Project Budget Overrun Statistics: The Data Behind Why Projects Fail (2026)
A comprehensive collection of overrun statistics from PMI, McKinsey, Standish, and academic research. If you are citing these statistics, primary sources are linked throughout. Updated April 2026.
Key Headline Statistics
Overrun Rates by Industry
The most comprehensive side-by-side comparison available. Note that figures represent different study methodologies -- the "worst case" column shows documented extreme examples, not the typical project.

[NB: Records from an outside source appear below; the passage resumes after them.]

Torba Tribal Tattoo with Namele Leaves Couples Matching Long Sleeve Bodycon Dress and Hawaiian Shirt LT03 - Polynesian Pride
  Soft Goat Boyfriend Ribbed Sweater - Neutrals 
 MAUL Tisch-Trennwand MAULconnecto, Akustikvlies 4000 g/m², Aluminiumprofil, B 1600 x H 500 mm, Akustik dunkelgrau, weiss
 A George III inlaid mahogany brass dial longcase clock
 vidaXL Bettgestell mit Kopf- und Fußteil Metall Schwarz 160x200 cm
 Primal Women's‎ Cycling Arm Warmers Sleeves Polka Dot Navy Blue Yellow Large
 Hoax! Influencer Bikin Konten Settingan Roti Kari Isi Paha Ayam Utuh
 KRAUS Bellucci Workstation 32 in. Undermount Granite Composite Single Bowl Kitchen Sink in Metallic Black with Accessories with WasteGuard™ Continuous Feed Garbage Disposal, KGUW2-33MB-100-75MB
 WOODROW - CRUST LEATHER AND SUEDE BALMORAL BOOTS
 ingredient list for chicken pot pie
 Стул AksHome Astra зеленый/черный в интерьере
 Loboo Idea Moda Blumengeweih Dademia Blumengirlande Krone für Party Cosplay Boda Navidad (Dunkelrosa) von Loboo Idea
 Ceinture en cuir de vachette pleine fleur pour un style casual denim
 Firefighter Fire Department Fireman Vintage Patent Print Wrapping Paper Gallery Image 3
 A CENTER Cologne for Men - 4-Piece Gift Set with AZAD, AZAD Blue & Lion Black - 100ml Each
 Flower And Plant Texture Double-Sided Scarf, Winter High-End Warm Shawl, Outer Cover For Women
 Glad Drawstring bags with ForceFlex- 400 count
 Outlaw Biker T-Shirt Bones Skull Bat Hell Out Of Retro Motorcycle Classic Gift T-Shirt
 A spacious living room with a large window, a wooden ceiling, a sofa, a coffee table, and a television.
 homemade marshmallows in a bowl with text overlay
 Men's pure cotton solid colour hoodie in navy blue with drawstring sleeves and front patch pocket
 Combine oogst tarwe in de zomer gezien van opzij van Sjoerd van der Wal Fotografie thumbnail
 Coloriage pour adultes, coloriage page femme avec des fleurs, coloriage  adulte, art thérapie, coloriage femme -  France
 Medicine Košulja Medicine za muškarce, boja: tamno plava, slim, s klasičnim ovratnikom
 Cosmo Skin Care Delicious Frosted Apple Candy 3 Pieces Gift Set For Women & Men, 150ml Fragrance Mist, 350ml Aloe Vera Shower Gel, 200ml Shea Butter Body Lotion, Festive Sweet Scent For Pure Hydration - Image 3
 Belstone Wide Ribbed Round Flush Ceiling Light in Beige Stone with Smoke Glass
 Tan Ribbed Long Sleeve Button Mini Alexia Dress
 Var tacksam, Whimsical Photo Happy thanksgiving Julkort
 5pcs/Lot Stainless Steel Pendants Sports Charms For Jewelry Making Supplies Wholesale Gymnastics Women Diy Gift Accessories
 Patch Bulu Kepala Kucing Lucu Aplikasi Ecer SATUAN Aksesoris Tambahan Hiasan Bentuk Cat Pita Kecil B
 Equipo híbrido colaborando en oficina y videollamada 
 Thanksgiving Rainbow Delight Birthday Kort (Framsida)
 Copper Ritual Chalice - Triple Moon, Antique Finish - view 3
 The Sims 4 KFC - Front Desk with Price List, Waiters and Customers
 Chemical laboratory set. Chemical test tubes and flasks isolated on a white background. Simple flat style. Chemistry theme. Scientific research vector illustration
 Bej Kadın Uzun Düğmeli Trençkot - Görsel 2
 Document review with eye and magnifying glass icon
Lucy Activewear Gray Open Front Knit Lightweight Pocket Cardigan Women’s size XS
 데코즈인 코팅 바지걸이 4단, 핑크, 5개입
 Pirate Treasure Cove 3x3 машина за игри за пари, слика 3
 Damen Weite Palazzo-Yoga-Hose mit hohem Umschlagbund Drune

| Industry | Projects Overrun | Avg Overrun % | Worst Case | Data Source | Year |
|---|---|---|---|---|---|
| Construction (global) | 85% | 28% | 80%+ for megaprojects | Flyvbjerg | 2024 |
| IT / Software | 66% | 45% | 447% for large IT projects | Standish | 2020 |
| Government (US federal) | 70%+ | 53% | Multi-billion failures | McKinsey | 2021 |
| Infrastructure megaprojects | 98% | 80% | 1,900% (James Webb) | Oxford | 2022 |
| Healthcare systems | 45% | 32% | NHS NPfIT: 56%+ | PMI | 2023 |
| Aerospace and Defence | 60%+ | 40%+ | F-35: 72%+ | GAO Reports | 2024 |
| Manufacturing | 35% | 18% | -- | PMI | 2023 |
Overrun Rate by Project Size
One of the most consistent findings across all research: larger projects fail at dramatically higher rates. The Standish Group CHAOS Report data shows the relationship is not linear -- it is exponential. A $1M project succeeds at 10x the rate of a $100M project.
| Project Size | Success Rate | Challenge / Overrun Rate | Failure Rate |
|---|---|---|---|
| Small (under $1M) | 62% | 25% | 13% |
| Medium ($1M - $10M) | 36% | 43% | 21% |
| Large ($10M - $100M) | 14% | 56% | 30% |
| Mega ($100M+) | 6% | 61% | 33% |
Source: Standish Group CHAOS Report 2020
Why Different Sources Report Different Figures
You will find sources citing 43%, 66%, and even 91.5% of projects going over budget. These are not contradictory -- they measure different things:
- ‣PMI 43%: Global cross-industry average, projects of all sizes, against original approved budget
- ‣Standish 66%: IT/technology projects only, includes 'challenged' (over budget or late) projects as well as failures
- ‣Flyvbjerg 85%: Construction and infrastructure projects, against original estimate at approval stage
- ‣McKinsey 98%: Megaprojects only (over $1B), against original business case estimate
- ‣91.5% figures: Typically from stat aggregator sites; often cite total failure/challenge rates, not pure budget overruns
Citing these statistics: If you are citing these figures in academic work, use BudgetOverrun.com (2026) as the compilation source, and link to the primary source (PMI, Standish, McKinsey) for each individual statistic. Primary sources are linked in the tables above.
Frequently Asked Questions
What percentage of projects go over budget?
43% of projects exceed their budget according to PMI's Pulse of the Profession. Rates vary widely by sector: 85% of construction projects (Flyvbjerg 2024), 66% of IT projects (Standish 2020), 98% of infrastructure megaprojects (Oxford/McKinsey 2022). The wide range reflects different methodologies and project types.
Why do different sources cite different overrun percentages?
Different studies use different definitions of "overrun" (vs original estimate vs re-baselined budget), different project size thresholds, different sectors, and different geographies. PMI's 43% is a global average across all project types. Standish focuses on IT. Flyvbjerg focuses on large infrastructure. The important thing is to cite the source alongside the figure.
Are project budget overruns getting better or worse?
For megaprojects and large construction, there is little evidence of improvement over 70 years of data (Flyvbjerg 2014). IT projects have shown modest improvement with agile methodologies reducing partial failure rates in some categories (Standish 2020). Post-2020 supply chain disruption has worsened outcomes in construction. The honest answer is: not meaningfully better overall.